- Release poster
- Hangul: 사마귀
- RR: Samagwi
- MR: Samagwi
- Directed by: Lee Tae-sung
- Written by: Byun Sung-hyun; Lee Tae-sung; Lee Jin-seong;
- Produced by: Lee Jin-hee
- Starring: Yim Si-wan; Park Gyu-young; Jo Woo-jin;
- Cinematography: Kang Min-woo
- Edited by: Kim Sang-bum; Kim Ho-bin;
- Music by: Dalpalan
- Production company: See At Film
- Distributed by: Netflix
- Release date: September 26, 2025;
- Running time: 113 minutes
- Country: South Korea
- Language: Korean

= Mantis (film) =

2025 film by Lee Tae-sung

Mantis is a 2025 South Korean action thriller film directed by Lee Tae-sung in his feature directorial debut.
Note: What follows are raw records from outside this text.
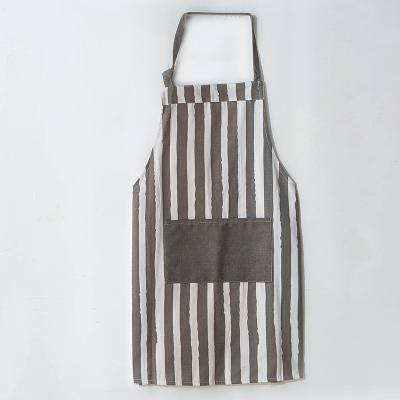 China Modern Gray Stripe Kitchen Cooking Aprons Soft Chef Apron With Pockets For Men Women Kitchen Decor for sale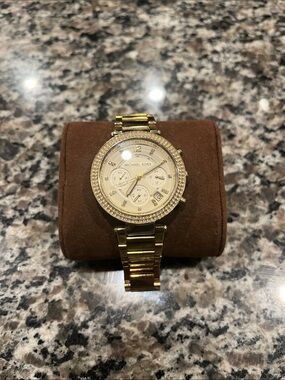 Michael Kors Gold Tone Crystal Accent Watch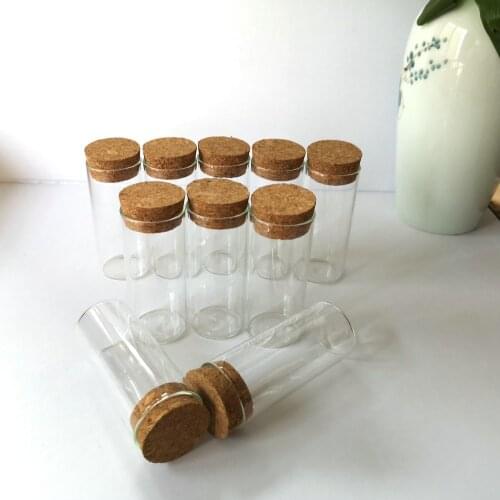 12Pcs/lot 30ml Dia 30mm Height 70mm Clear Glass Test Tubes with Cork Stoppers Wishing Bottle Storage Jars Vials for Wedding Gift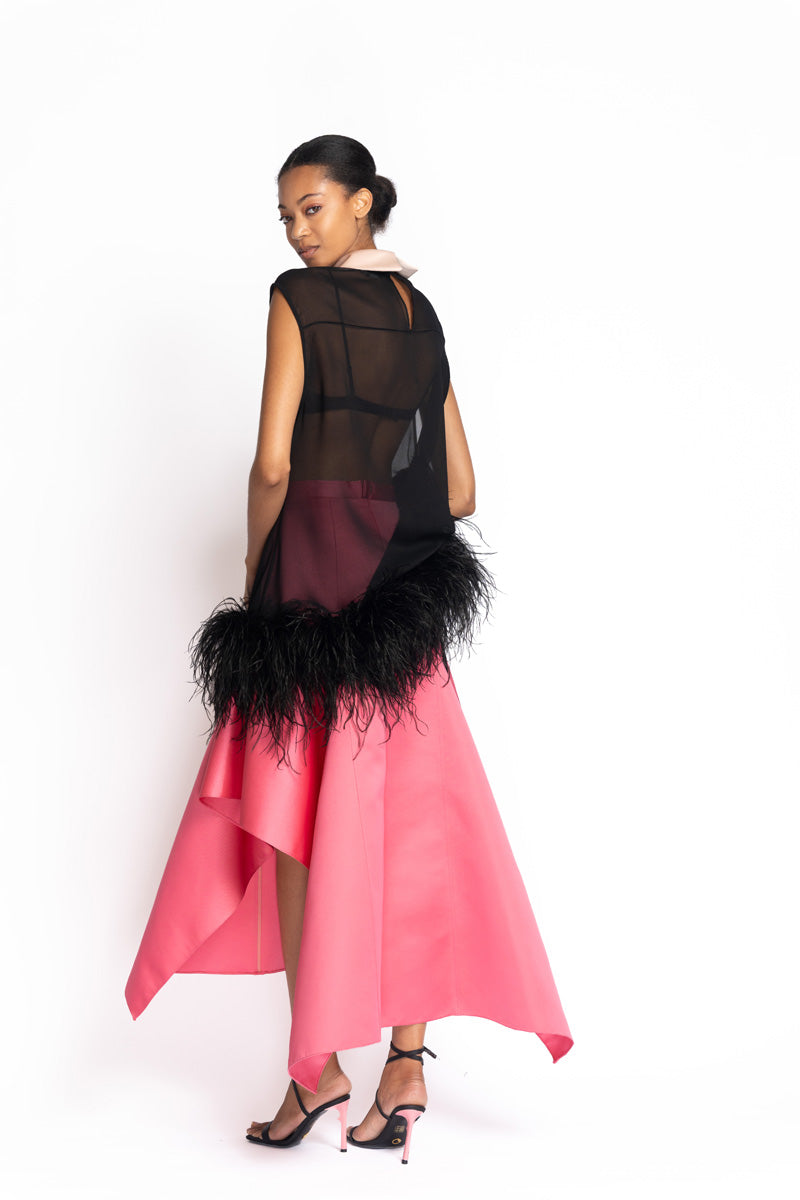 Onyx Sheer Crepe Tunic with Feathered Hem 4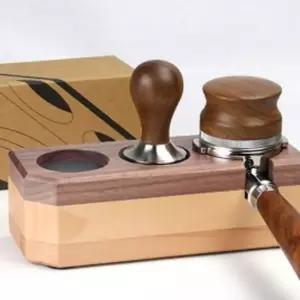 바리스타 우드 탬퍼받침대 커피 탬핑스테이션 58mm 템퍼 탬퍼스탠드 홈카페 HWC2D24E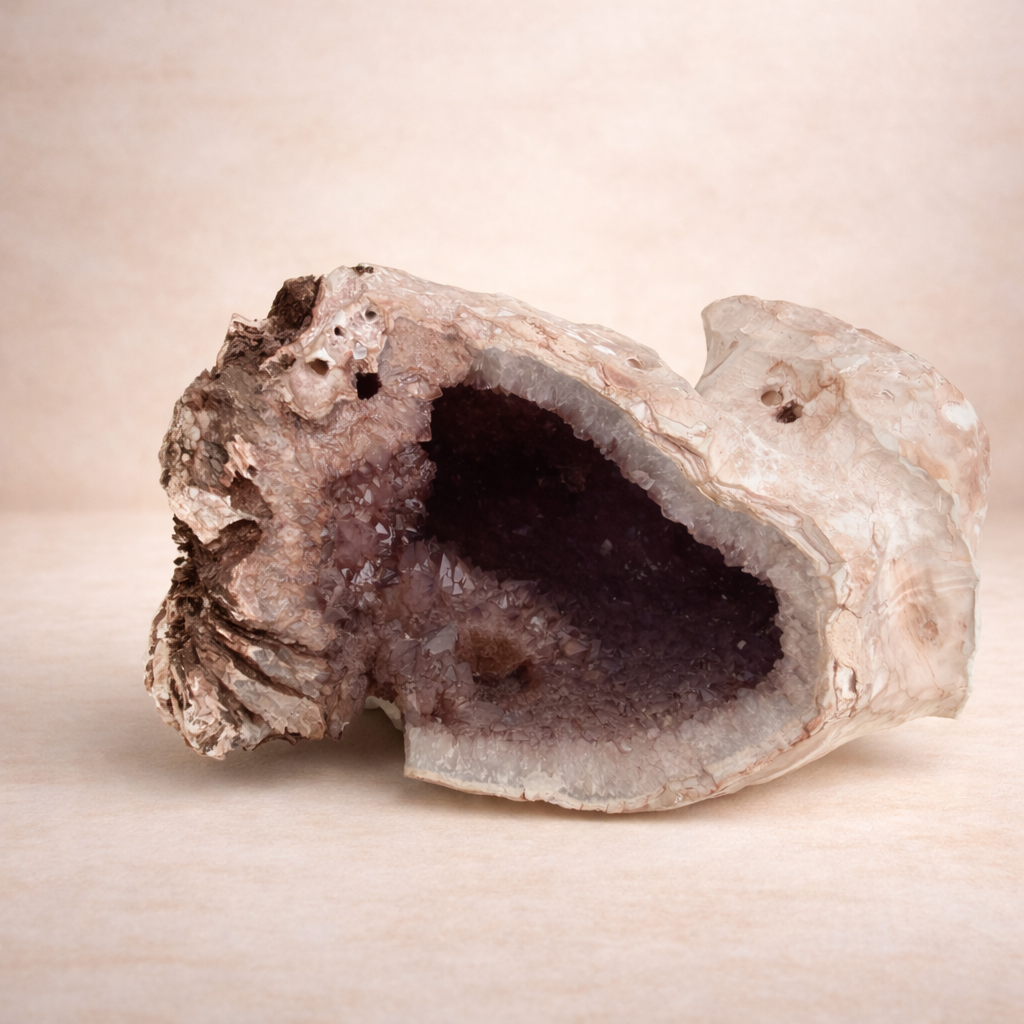 Amethyst Druse mit Seepocken – Sammlerobjekt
Starring Yim Si-wan, Park Gyu-young, and Jo Woo-jin, the film is a spin-off to the 2023 film Kill Boksoon and set in the same universe. The film was released on September 26, 2025 on Netflix.

==Synopsis==
The film is about Mantis, a top assassin who comes back from vacation to find the hitman world in chaos after the downfall of the top company, MK. As he reintegrates into the industry by attempting to start his own company, he runs into Jae-yi, a former training partner and rival, and Dok-go, a famous retired killer who was his mentor at MK. He soon realizes they’re all competing to become the number one assassin.

==Cast==
- Yim Si-wan as Lee Han-ul / Mantis
- Park Gyu-young as Shin Jae-yi
- Jo Woo-jin as Dok-go
- Choi Hyun-wook as Benjamin Jo
- Bae Gang-hee as Yang Soo-min
- Hwang Seong-bin as Puma Lee
- Yoo Su-bin as Kim Dong-yeong
- Jeon Bae-soo as Nam Bae-soo
- Yang Dong-geun as Gwang-cheon / Bi-cheon
- Sul Kyung-gu as Cha Min-kyu
- Jeon Do-yeon as Gil Bok-soon

==Production==

On September 2, 2024, Netflix confirmed the production of the action thriller film.

The film was shot over a five-month period, beginning on August 1, 2024, and concluding on December 20, 2024.

==Release==

The film was released on Netflix on September 26, 2025.